Following daily dosing, dutasteride serum concentrations achieve 65% of steady-state concentration after 1 month and approximately 90% after 3 months. Steady-state serum concentrations (C_ss) of approximately 40 ng/mL are achieved after 6 months of dosing 0.5 mg once daily. Similarly to serum, dutasteride concentrations in semen achieved steady-state at 6 months. After 52 weeks of therapy, semen dutasteride concentrations averaged 3.4 ng/mL (range 0.4-14 ng/mL). Dutasteride partitioning from serum into semen averaged 11.5%.
Biotransformation: In vitro, dutasteride is metabolized by the human cytochrome P-450 isoenzyme CYP3A4 to 2 minor monohydroxylated metabolites, but it is not metabolized by CYP1A2, CY2A6, CYP2E1, CYP2C8, CYP2C9, CYP2C19, CYP2B6 or CYP2D6.
In human serum, following dosing to steady-state, unchanged dutasteride, 3 major metabolites (4'-hydroxydutasteride, 1,2-dihydrodutasteride and 6-hydroxydutasteride) and 2 minor metabolites (6,4'-dihydroxydutasteride and 15-hydroxydutasteride), as assessed by mass spectrometric response, have been detected. The 5 human serum metabolites of dutasteride have been detected in rat serum, however, the stereochemistry of the hydroxyl additions at the 6 and 15 positions in the human and rat metabolites is not known.
Elimination: Dutasteride is extensively metabolized. Following oral dosing of dutasteride 0.5 mg/day to steady-state in humans, 1-15.4% (mean of 5.4%) of the administered dose is excreted as dutasteride in the faeces. The remainder is excreted in the faeces as 4 major metabolites comprising 39, 21, 7 and 7% each of drug-related material and 6 minor metabolites (<5% each).
Only trace amounts of unchanged dutasteride (<0.1% of the dose) are detected in human urine.
At therapeutic concentrations, the terminal half-life (t½) of dutasteride is 3-5 weeks.
Serum concentrations remain detectable (>0.1 ng/mL) for up to 4-6 months after discontinuation of treatment.
Linearity/Non-Linearity: Dutasteride pharmacokinetics can be described as 1st order absorption process and 2 parallel elimination pathways, 1 saturable (concentration-dependent) and 1 non-saturable (concentration-independent).
At low serum concentrations (<3 ng/mL), dutasteride is cleared rapidly by both the concentration-dependent and concentration-independent elimination pathways. Single doses of ≤5 mg showed evidence of rapid clearance and a short half-life of 3-9 days.
At serum concentrations >3 ng/mL, dutasteride is cleared slowly (0.35-0.58 L/hr) primarily by linear, non-saturable elimination with terminal half-life of 3-5 weeks.

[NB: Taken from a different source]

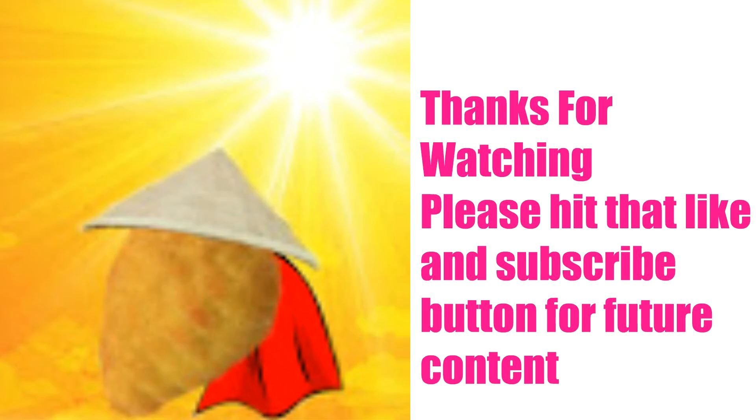Thanks for watching, guys. I'm gonna make more random videos for you guys to watch. I hope you guys enjoy, and I'll see you guys in the next video. Hope you guys subscribe — see you later. Bye!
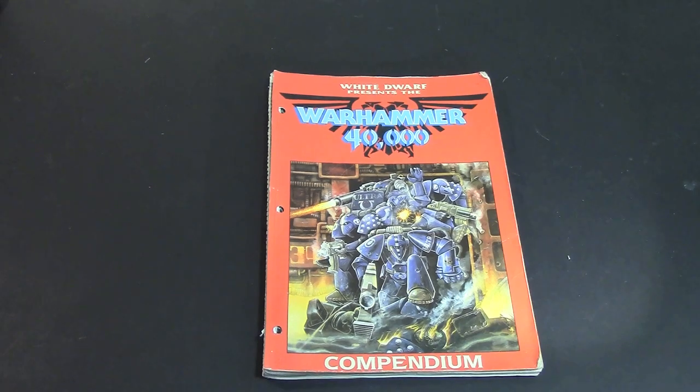Hey Bulls fans, Adam Meharry here back again with another Retro Corner review. Today I have a very cool special copy of the Warhammer 40k compendium from White Dwarf. This was a compendium that is basically a compilation of all the 40k articles in the Rogue Trader era. This is copyright 1989.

At therapeutic concentrations, following repeat dosing of 0.5 mg/day, the slower clearance dominates and the total clearance is linear and concentration-independent.
Elderly: Dutasteride pharmacokinetics and pharmacodynamics were evaluated in 36 healthy male subjects 24-87 years following administration of a single 5-mg dose of dutasteride. Exposure of dutasteride, represented by AUC and C_max values, was not statistically different when comparing age groups. Half-life was not statistically different when comparing the 50- to 69-year old group to the >70-year old group, which encompasses the age of most men with BPH. No differences in drug effect as measured by DHT reduction were observed between age groups. Results indicated that no dutasteride dose-adjustment based on age is necessary.
Renal Impairment: The effect of renal impairment on dutasteride pharmacokinetics has not been studied. However, <0.1% of a steady-state dutasteride 0.5-mg dose is recovered in human urine, so no adjustment in dosage is anticipated for patients with renal impairment.
Hepatic Impairment: The effect on the pharmacokinetics of dutasteride in hepatic impairment has not been studied (see Precautions).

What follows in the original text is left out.